--- Dataset extract ---

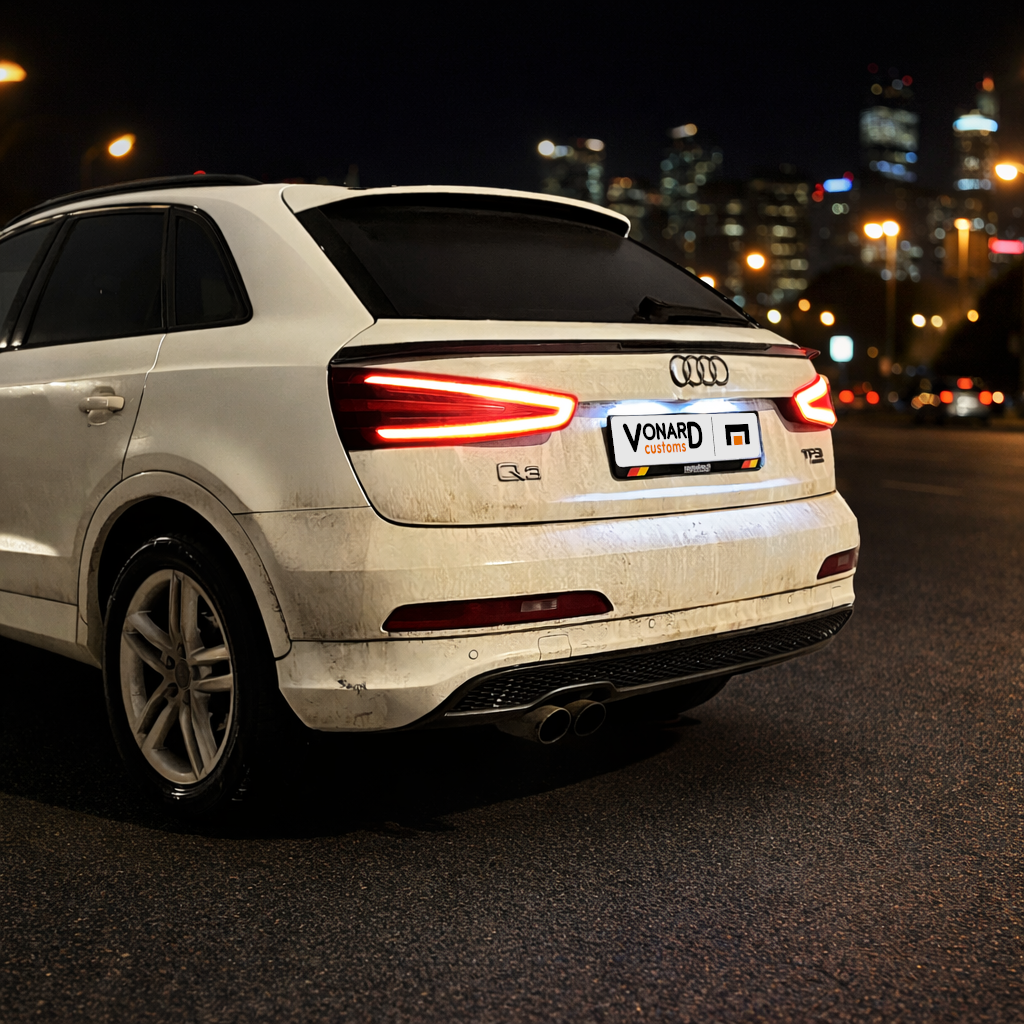 картинка Спойлер лезвие крышки багажника (нижний) Audi Q3 8U  vonard customs 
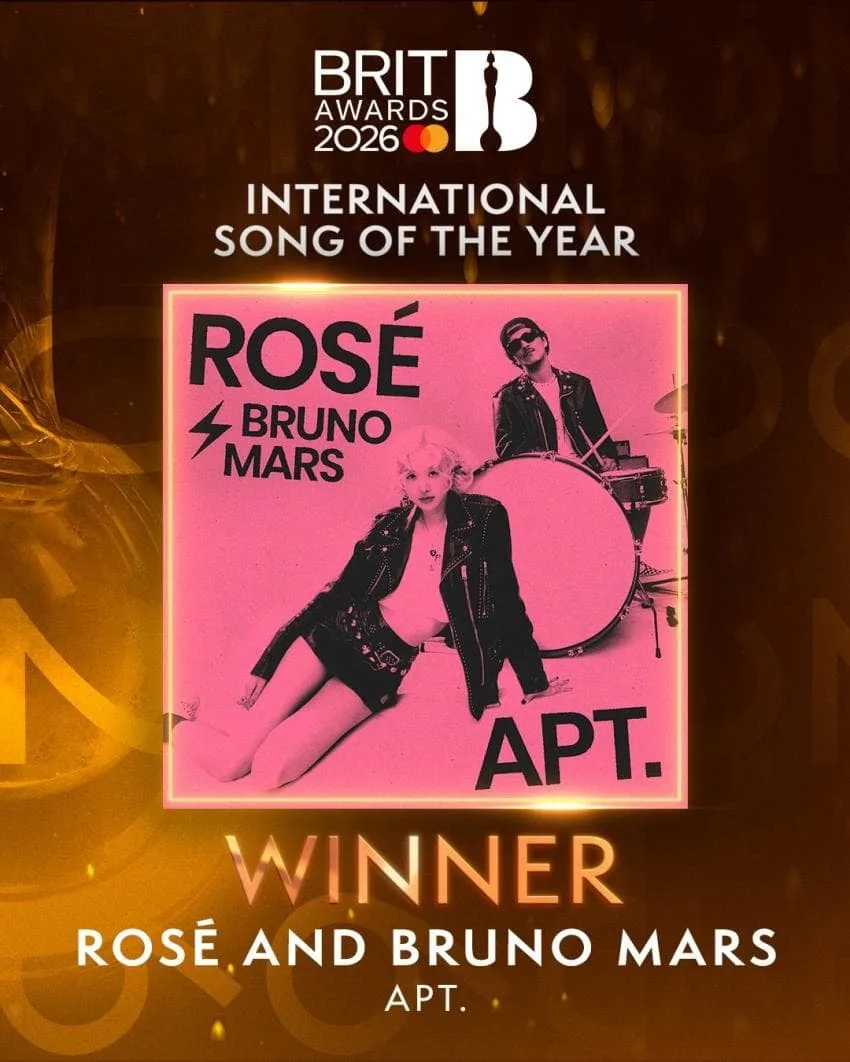 Rosé Wins Brit Award 2026: BLACKPINK's Global Records 4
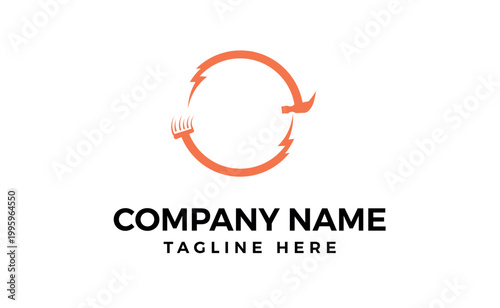 Power Tools related Logo. Featuring machine, repair, electric, hardware, power and more. Instrument linear icon collection. UI icons set in a thin style. Editable vector stroke.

---

→ Exercise aim
What belongs in the answer is each line above, reproduced exactly, and no picture.

→ Response to the exercise
 картинка Спойлер лезвие крышки багажника (нижний) Audi Q3 8U  vonard customs 
 Rosé Wins Brit Award 2026: BLACKPINK's Global Records 4
 Power Tools related Logo. Featuring machine, repair, electric, hardware, power and more. Instrument linear icon collection. UI icons set in a thin style. Editable vector stroke.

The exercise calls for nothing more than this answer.